Choosing between Code Workbooks, Code Workspaces, Code Repositories, or Pipeline Builder

How can I determine when it’s appropriate to use Code Workbooks, Code Workspaces, Code Repositories, or Pipeline Builder?

Are you building a data pipeline?

Use code-repositories or pipeline-builder

Use Pipeline Builder if:

  • You need to build a streaming pipeline
  • You don’t know how to code
  • You do know how to code but need to build the pipeline quickly
  • You need to collaborate with subject-matter experts who need a point-and-click interface to validate the transformation logic

Use Code Repositories if:

  • You need capabilities not available in Pipeline Builder (e.g. raw file access)
  • You want to create UDFs for use in other repositories or Pipeline Builder files
  • Your organization requires pipelines to be written in SQL/Python/Java
  • You need to access external services in the context of a pipeline
  • You need to apply/remove Markings or work with Encryption Channels

Are you doing analysis, building a model, etc.?

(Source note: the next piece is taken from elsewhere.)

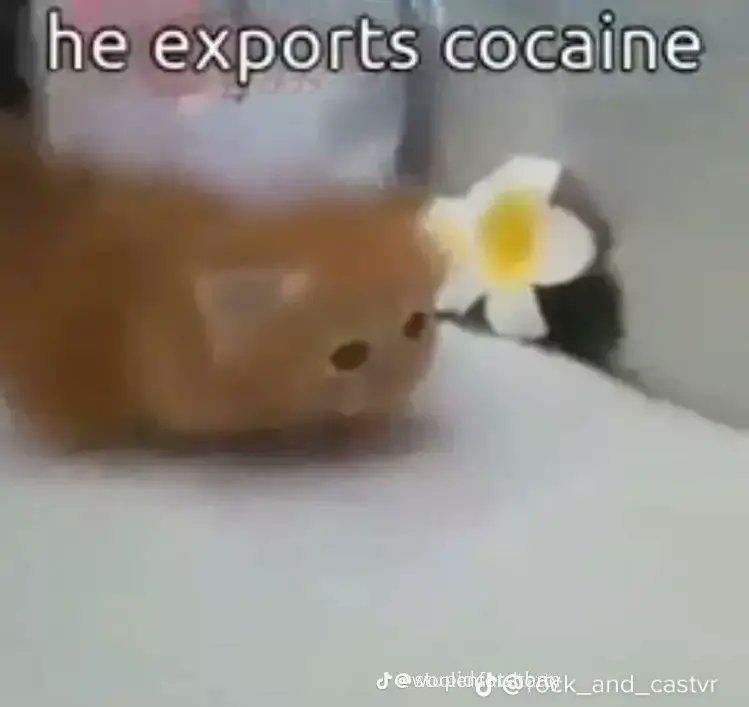 Rayrae06271415's tweet photo. @ShitpostGate https://t.co/AapUMxTXsF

Use code-workbooks or code-workspaces

Use Code Workspaces if:

  • You want a Jupyter Lab or R Studio UI/UX
  • You want to leverage one machine for compute instead of a horizontally scalable cluster (i.e. no Spark)

Use Code Workbooks if:

  • You need to write PySpark, SparkSQL, or SparkR code
  • You want to test out logic prior to incorporating it into a Code Repositories pipeline
  • You want to mix-and-match different languages in a single file

Are you writing Functions to use in Actions or a Workshop App?

Use code-repositories

Are you exposing a model via an easy-to-access endpoint?

Use code-repositories (i.e. wrap the model in a Function and publish that Function)

1 Like

Thanks Taylor! This is a very helpful guide.